Tuesday, 9 February 2010

Cathedrals of Sound - What's it all about?




Having passed the 160 posts which is about 150 more than I thought I'd manage. I thought I'd take a pause for breath.




To try and make inspiration easier to come by I've kept to a few on running themes. Some of these have had the legs and some have started with good intentions but became a bit more sporadic as the ideas dried up. I did think that people who have stumbled across the blog recently might not have a clue as to the point of some of the posts so I thought it might be time for a bit of a recap (not helped by the fact that it is a bit hap hazard in how I label stuff)




So here it is






Miracle Mile Monday - does what it says on the tin , every Monday I post a track from the band The Miracle Mile,. This is just because I think their music is good enough for more people to hear (scrap that it is far too good for more people not to hear it) and hopefully go out an buy. I post 4 tracks from each album and am about to hit the home straight and already panicking that I need to think of a new Monday theme






Bigger than the Beatles - these are about bands that should have been massive but because of bad luck , cruel twists of fates or maybe because I'm deluded they were never as successful as they should have been






God Like Genius - Posts about individuals that in terms of music are just pure genius. I might not like everything they've done, they may be eccentrically inconsistent in terms of output and quality but more often than not they stand way above most other stuff that is around






Life of Live - A walk through my life of gigs with a post about every concert I've been to






Cult of the b Side - some band's b sides are better than a lot of other band's a sides






Strange Covers - cover versions as cover versions should be in that they offer something a bit different to the original






A year in Books - a mini review of every book I read during the year. Early rule of less than 100 words has slipped a bit recently, but hey rules are made to be bent a little.

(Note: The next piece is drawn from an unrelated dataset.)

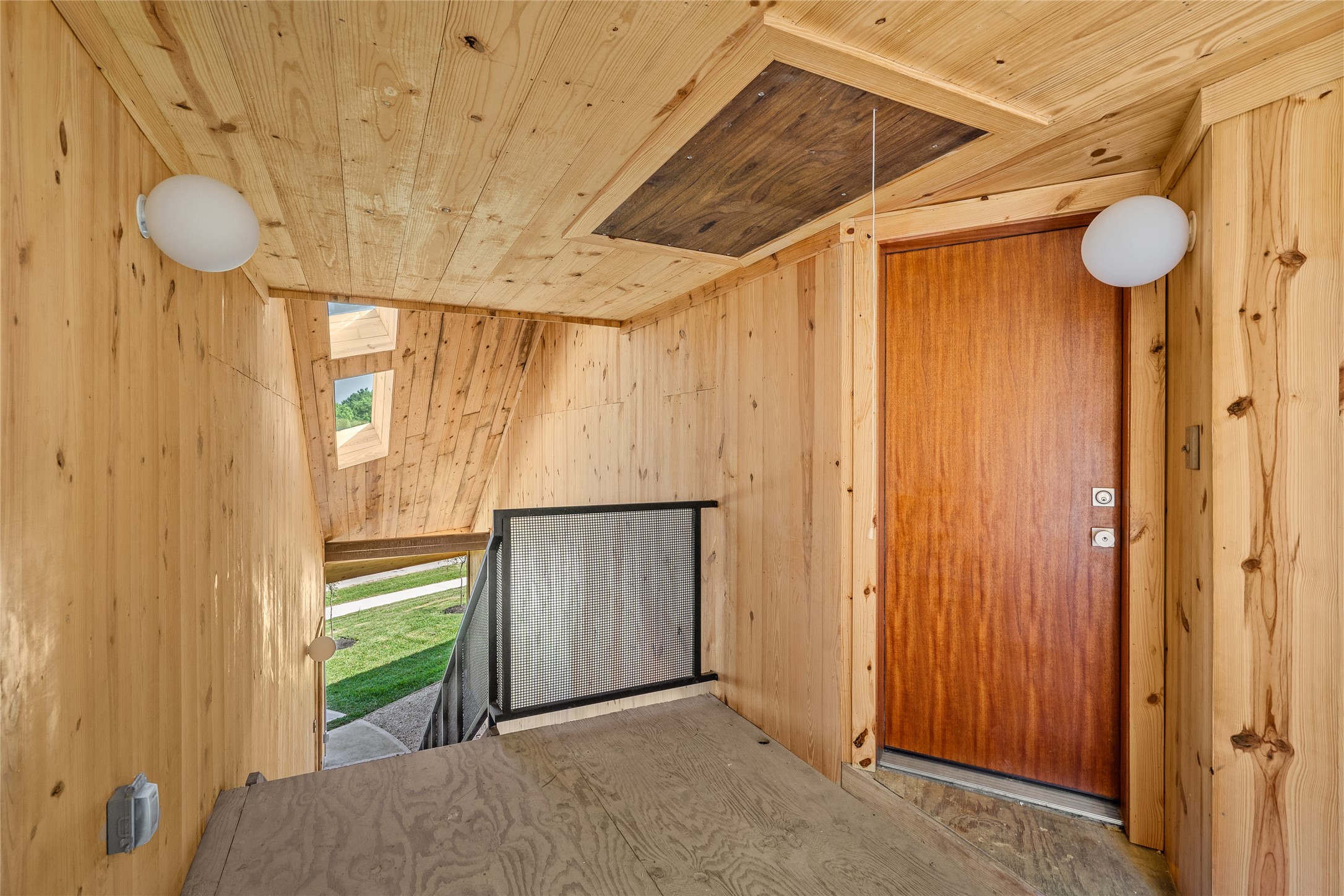 4429 Woodside Street, Unit B Houston, TX 77023 - Photo 5 of 17 a view of a room with window and shower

Why I Love Country Music - although I don't own much if any pure country music a lot of bands I like have produced tracks with a bit of a country flavour






Never better than the first time - one of those that has run out of steam a bit , posts about bands who somehow never quite catch the magic of their debut lp again





My Indie Past - reading some great blogs has got me to rediscover my love for old 80s/90s indie bands, some disappeared after a few releases , some persevered and some underwent a metamorphosis and struck gold.





Singular Sounds - Having put all my records on my pc the anal male in me got interested in why for some artists I only had one track , so this is a walk through the alphabet with one such band for each letter





Say Something - I'm a bit too obsessed with lyrics for my own good, these are posts of songs with great words

.

And then more often than not i just post a track I like. I normally keep tracks posted for 2/3 months but I'm a bit disorganised in taking them down so you may be lucky with older posts.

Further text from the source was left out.